Now that you have located the general area of the throttle cable, by careful inspection you will see that two cables come into the same area and mount on one metal bracket or metal plate located on the inside area of metal duct. [On 1997 models there is one cable only, the throttle cable. Disregard the references to other cables.] The cable that is the furthest from the engine is the throttle cable (still forward outside). To make certain you have the correct cable, move the throttle on the right handlebar and this should move the throttle cable that you have identified on the left side. (You may need another person to move the throttle on the right side of the bike while you watch the cable on the left side.) If the left side cable does not move, you have not located the throttle cable. Move the throttle on the handlebar and look on the left side for a moving cable that matches the information above. Now check the cable next to the throttle cable by moving the choke lever on the left handlebar and watch the choke cable move; do no loosen the choke cable. There is a third cable to the rear of these two which is the crossover synch cable; this is on its own mount and need not be loosened or adjusted in any way.

If you are not certain you have found the throttle cable, either find another BMW rider with an R bike and ask for help finding it, or go pester your local mechanic.

This is a tight area in which to work and so you will remove the three-sided plastic cover with the round bottom that mounts on the gas intake area. There are two plugs on top of the metal duct that were covered by the three-side plastic piece you have removed; these are fuel injection controls. The front plug of the two may be removed by depressing (press in) on the wire clip on the plug and then lifting the plug from its mounting. After removing both the three-sided plastic cover and the fuel injection plug, there will be more room in which to work.

You are now ready to loosen the throttle cable, which was the whole purpose in finding this cable.
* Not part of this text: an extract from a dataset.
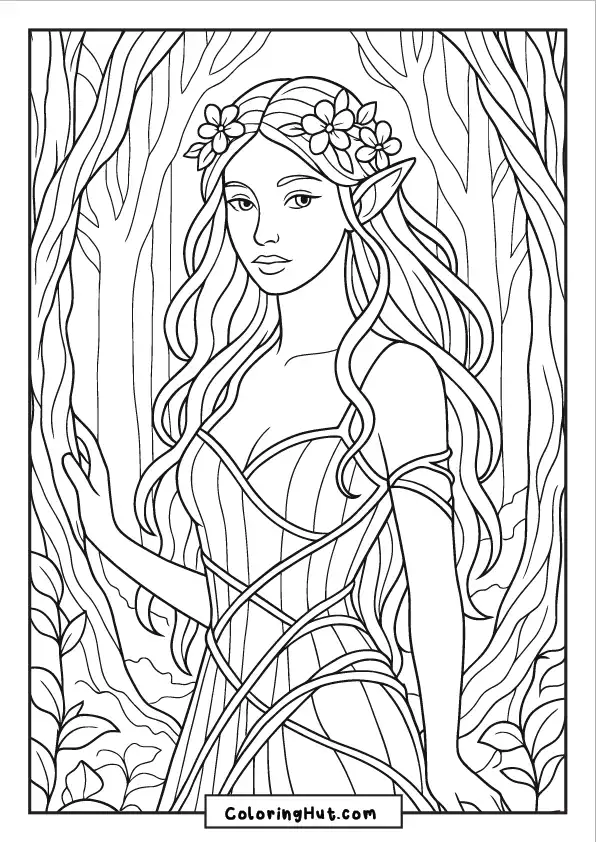 Beautiful nymph with long flowing hair and a flower crown in the forest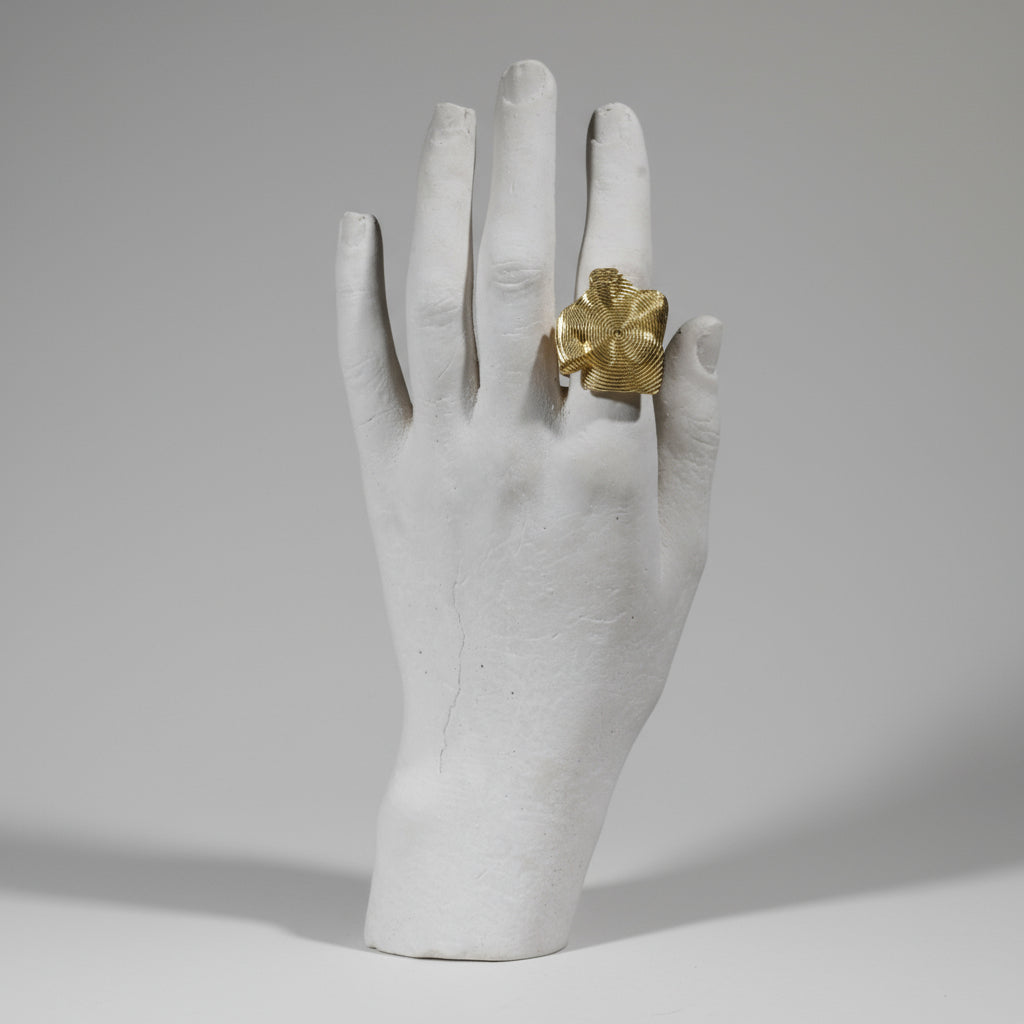“Vibration of Feelings”- Sculptural Gold-Plated Ring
You must loosen the lock nut, the six-sided nut that sits on top of the bracket, with a small wrench (counterclockwise). There is a metal piece that is threaded into the lock nut which can now be loosed with your fingers by turning it in a clockwise direction. Loosen the lock nut as needed so the cable is loose. Check this by twisting the throttle on the handlebar; you must be able to give at least a 45-degree turn on the throttle and see that the throttle cable is loose. Now depress (squeeze) the wire clip on the fuel injection front plug and replace the plug you previously removed.

Step 2. Loosen throttle body crossover synch cable (right side) After loosening the throttle cable, it’s time to move on and to look at the right side of the bike. Go to the same general area on the right side as you were examining on the left. There are fewer controls and only one cable. Here are two ways (A, B) to find the right crossover synch cable.
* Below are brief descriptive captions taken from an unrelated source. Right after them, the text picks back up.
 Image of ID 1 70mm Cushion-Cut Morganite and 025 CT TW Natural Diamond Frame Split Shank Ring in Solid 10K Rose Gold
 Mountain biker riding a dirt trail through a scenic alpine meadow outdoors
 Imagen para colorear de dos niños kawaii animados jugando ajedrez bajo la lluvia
(A) There is a metal 2 1/4 inch diameter tube (similar to the left side but with fewer black plastic or cable items attached to it) that also continues into the large finned cylinder (as it does on the left side). There also may be a three-sided plastic guard with a round bottom if you have an RS or R (not on the GS or RT, and not there if it has been lost). From the metal tube area, look into the side of the bike to see a single cable mounted on a metal bracket; it is the only cable in the area.

(B) The right crossover synch cable is located about two inches from the rear of the large finned cylinder and close to the engine.

First remove the three-sided plastic cover with the round bottom if there is one. Next loosen the lock nut that is located near the top of the bracket (turn counter clockwise). After the lock nut is loose you can loosen the cable by screwing (clockwise) the metal piece that is above the lock nut. Screw until the cable is loose. The loose cable can be seen below the metal bracket.

Step 3. Back out the left throttle plate stop screw (underneath left side) It’s now time to return to the left side of the bike. When the throttle on the handlebar is twisted, it not only moved the cable you have now loosened, it also moved a metal flange piece that comes in contact with a metal plate. There are two ways to find this metal flange piece and the left throttle plate area.

(A) Check instructions for Step 4 and find the TPS. If there were an imaginary line that passed through the right TPS screw and then continued through the round metal body on which the TPS is mounted, that line would intersect the left throttle plate stop screw. When you move the throttle on the handlebar you also are moving the metal flange piece that contacts the left throttle plate stop screw.

(B) The metal throttle flange is located near the inside of the metal 2 1/4-inch diameter tube and is very low and near the inside of the tube. The easiest way to see this is to put your head on the ground just forward of the rear tire and to look up. This is an awkward position but the metal flange piece is easy to touch. The screw, that limits how far it can close, is located on a metal plate above the flange. This screw determines the distance between the flange and the throttle plate. [If you see an adjustment screw on a long arm, this is related to the throttle advance (adjusts the “choke”); this is NOT the screw you are looking for.]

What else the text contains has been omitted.